The Church of the Advocate, located on the corner of 18th and Diamond streets, is a fundamental organization in the North Philadelphia community, because of its rich history and its consistent contributions to the people in the neighborhood. The Advocate was built towards the end of the 19th century, and it continues to be praised for its classic architecture. The church has housed major political movements having to do with women’s and civil rights in the 1960s and 1970s, including the National Conference of Black Power, the Black Panther Conference and the first ordination of women in the Episcopal Church.
The Advocate is a crucial piece of the civil rights movement history in the North Philadelphia region, and it’s become a stop on the “History of the Civil Rights Movement” tour, a branch of the Greater Philadelphia Tourism and Marketing Corporation. While visitors tour the church, they can go through a series of murals made to copy the “stations” of the crucifixion and resurrection of Jesus Christ, but in the form of the civil rights movement instead.
The Church of the Advocate houses a large variety of different programs available for both children and adults in the North Philadelphia community. There are 10 programs in total that serve the area, but The Advocate continues to touch its neighbors in and out of these programs. Kevin Howard, 50, who has lived in North Philadelphia all his life, says, “We need places like this in this community to keep the kids off the street and to keep the trouble down.” Howard is a regular of the church’s soup kitchen, which has fed the community for over 25 years. It runs Monday through Friday from noon to 2 p.m. every week.
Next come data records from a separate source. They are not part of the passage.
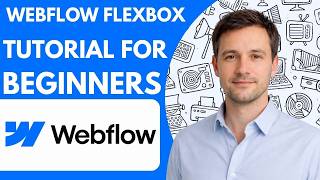 Webflow Flexbox Tutorial for Beginners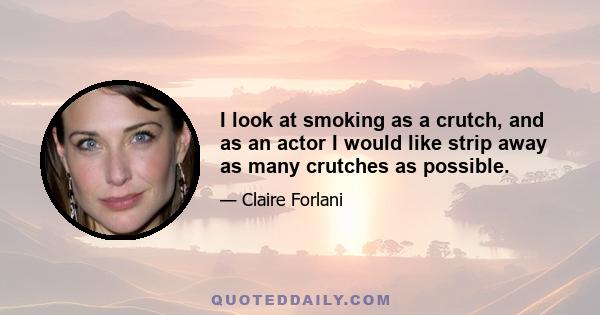 I look at smoking as a crutch, and as an actor I would like strip away as many crutches as possible.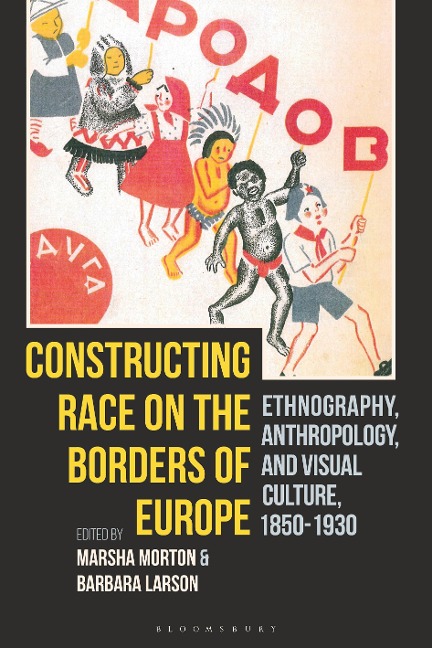 Constructing Race on the Borders of Europe - 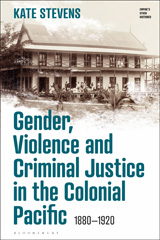 eBook, Gender, Violence and Criminal Justice in the Colonial Pacific, Bloomsbury Publishing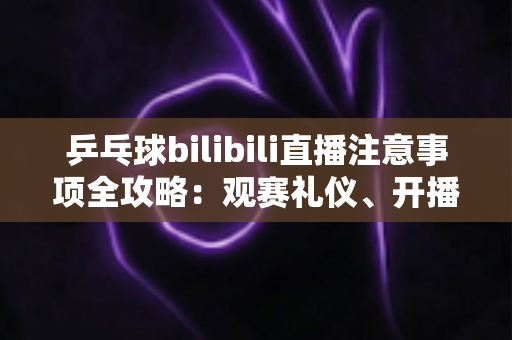 乒乓球bilibili直播注意事项全攻略：观赛礼仪、开播规范与避坑技巧一文讲透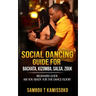 Social Dancing Guide for Bachata, Kizomba, Salsa, Zouk: Beginners Guide Are You Ready for the Dance Floor?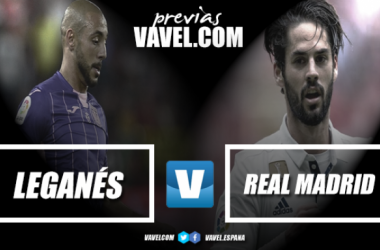 Previa CD Leganés - Real Madrid: una obligación ante un sueño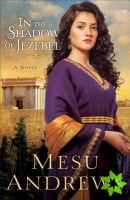 In the Shadow of Jezebel  A Novel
Other programs include an after-school program for children collaborating with Philadelphia Reads, a program that works with the Philadelphia School District and the Free Library in “Raising a City of Readers.” There are also family-building programs, such as “Time Out for Teens and Tots,” a parenting and support program for teen mothers and their children, and “Family Night,” which offers parent education and support. There is also “Grands as Parents,” which helps out working parents with grandparents serving as caregivers of children during working hours.
All of the programs available at the Church of the Advocate would be impossible to run without the help and support of the loyal volunteers from in and out of the community. Most of the volunteers at the church were once helped by someone else in the past and are finding a way to give back to their community. Tywanda Boone, 40, is from the Northeast, but she now resides in the neighborhood. Boone says, “I used to be homeless myself, so you know, I have a heart for that.” Another volunteer, Alphonson Skinner, 61, says, “Somebody helped me once, so I figure I return to the neighborhood with my kindness and understanding.”
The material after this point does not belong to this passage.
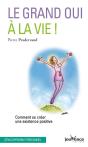 Le Grand Oui À La Vie ! Comment Se Créer Une Existence Positive - Preview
Kevin Howard, a regular at the soup kitchen, says, “The volunteers, whether they get paid or not, they treat you like they get paid.”
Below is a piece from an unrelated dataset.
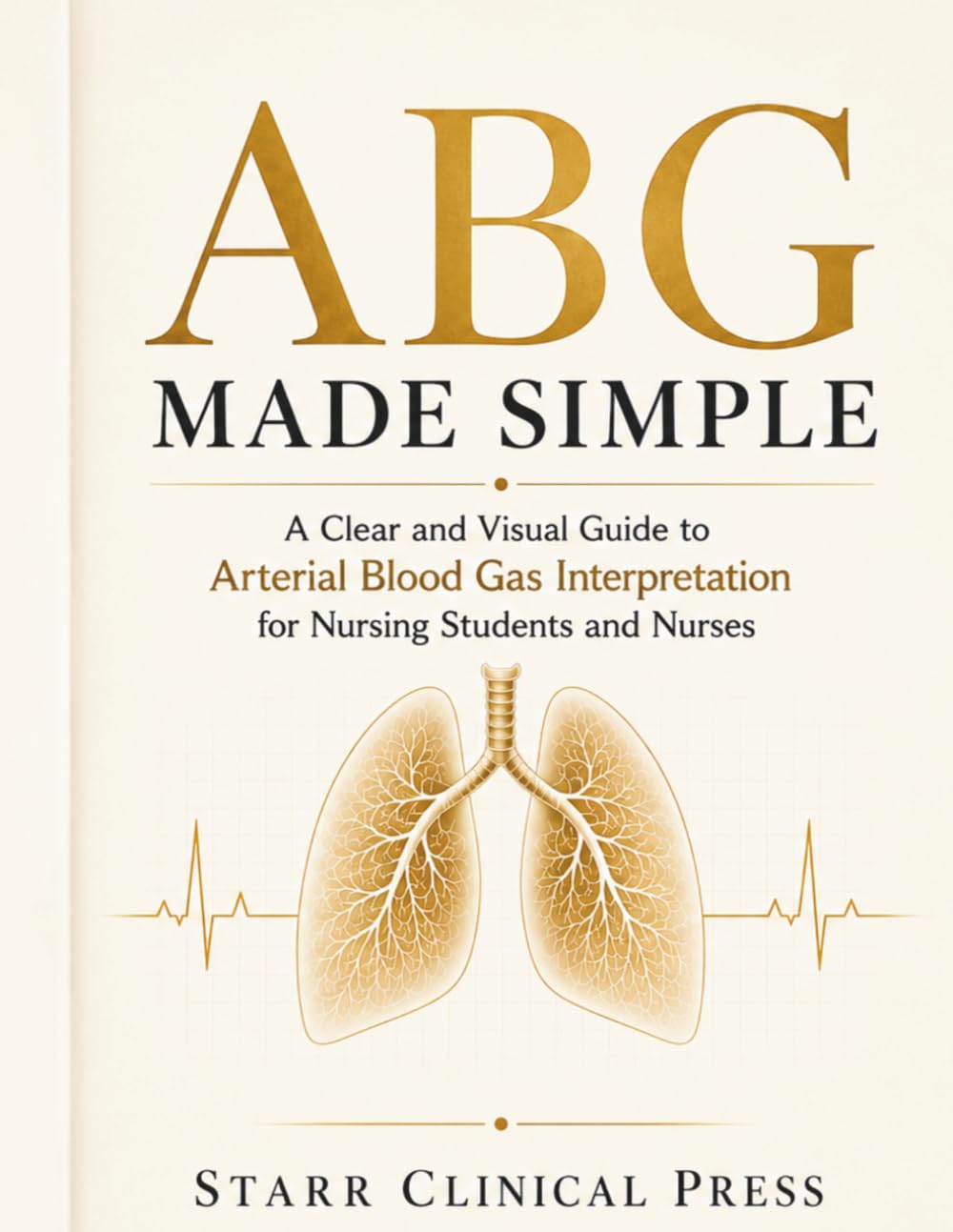 ABG Made Simple: A Clear and Visual Guide to Arterial Blood Gas Interpretation for Nursing Students and Nurses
Christopher Hamlin, one of the youngest volunteers at the church, grew up within the community, “I’ve been coming here since I was 3. They all saw me grow up.” As Hamlin puts it, “I’ve been coming here since I was 3, and I’ve been volunteering here since I was 3.”
Loretta Carter has been a longtime resident and volunteer with the church and its variety of programs. She’s lived in the community for 18 years and she used to cook in the kitchen for the Advocate’s soup kitchen. Carter and her husband have been inspired by the progressive programs dealing with children and education displayed at the Church of the Advocate. Carter is now in school at Philadelphia Community College for secondary children’s education and her husband is a teacher’s assistant at Duckery, a nearby elementary school.
Carter has continued to work with the church and has had her entire family grow up within the Advocate and its programs, “I brought 3 daughters and maybe about 6 grandchildren through the advocate program.” When asked, why the Advocate? What is it that this church provides for you and your community? Carter answers, “It was something for your children to do, and it was somewhere you didn’t have to worry about your children.”
The Church of the Advocate continues to play a major role in the families of the North Philadelphia community with its progressive programs, but the church also continues to be a center of fun and creativity for the young and old. The church houses an art program called “art sanctuary,” and it also houses special holiday dances and parties for its neighbors.
There’s a rich history at the Church of the Advocate and a continuous sense of growth and passion housed in the heart of the community.